Further details can be found below for each of the important methods used in the learning foreground:

init()

  • The time scale for the robot is passed to the init method
  • A StateManager class is initialized with a list of features to be used (StateManager is found in state_representation.py)
  • Creates a visualization object in order to see the camera data if desired
  • Publishers are defined that correspond to ‘action_cmd’, ‘pause’ and ‘termination’ topics used in the action manager
  • Publishers are also generated for each GVF’s data and parameters such as the cumulant, td_error, rupee, MSRE, rho, etc.

run()

  • This method is where main learning steps occur that one might be familiar with in reinforcement learning.

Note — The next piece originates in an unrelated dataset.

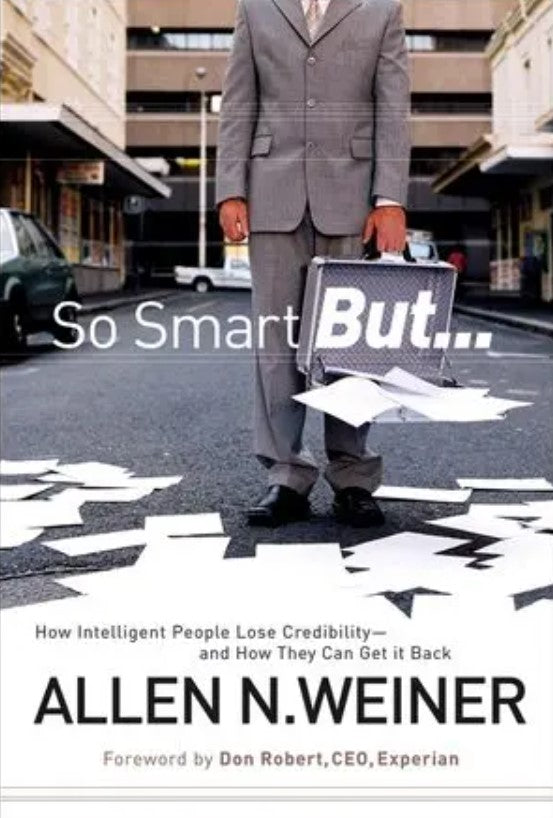 "So Smart But...: How Intelligent People Lose Credibility - and How They Can Get it Back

It is here that we generate the state (phi) using current observations, select actions, observe the new state and perform the actual learning steps by updating the GVF.

create_state()

  • The purpose of this method is to generate the state in the format used for learning (phi). This is accomplished by looking in a dictionary that contains all of the sensory data received via ROS topics. The read_source method is used here to return the most recent value from the topics (set ‘history’ to True to retrieve all the recent values since the last time step as is done with ‘ir’ and ‘core’ sensors).
  • There are dictionary entries for each possible form of sensor data (examples include bump data, infrared sensor data and image data). Each entry stores a Queue of sensory data since the last time step.

update_gvfs()

  • This method passes all of the relevant data to each GVF via a call to their update method. It then publishes each GVF’s data to the corresponding topic.

State Representation

This state_representation.py file contains two classes: StateConstants and StateManager. Both of these classes are used in conjunction with the CTiles library to generate the feature representation (phi) that is used for learning within the learning foreground.

StateConstants

This class is used to establish all of the parameters and settings for the creation of the vector phi. This is also where the tile coding parameters are set, such as the number of tiles and tilings for each sensor.

StateManager

This class manages the objects used to tile code and creates the feature representation phi and auxiliary state information observation. Data from the last valid sensor readings are stored to use in case no valid data was read since the last timestep.

init()

  • Initializes hash tables used for tile coding each sensor. Also creates the random pixel mask used to select pixels from the camera image.

get_phi()

  • Initializes an empty array phi of size TOTAL_FEATURE_LENGTH.
  • If a sensor is in features_to_use, tile codes the sensor data and sets the corresponding indices in phi to 1.

get_observations()

  • Creates an observation that is passed to the cumulant, gamma, target_policy.update, and behavior_policy.update methods. It creates a dictionary with auxiliary state information, which may or may not overlap with information used to create phi. Users may find it useful to pass the dictionary output by this function to other methods.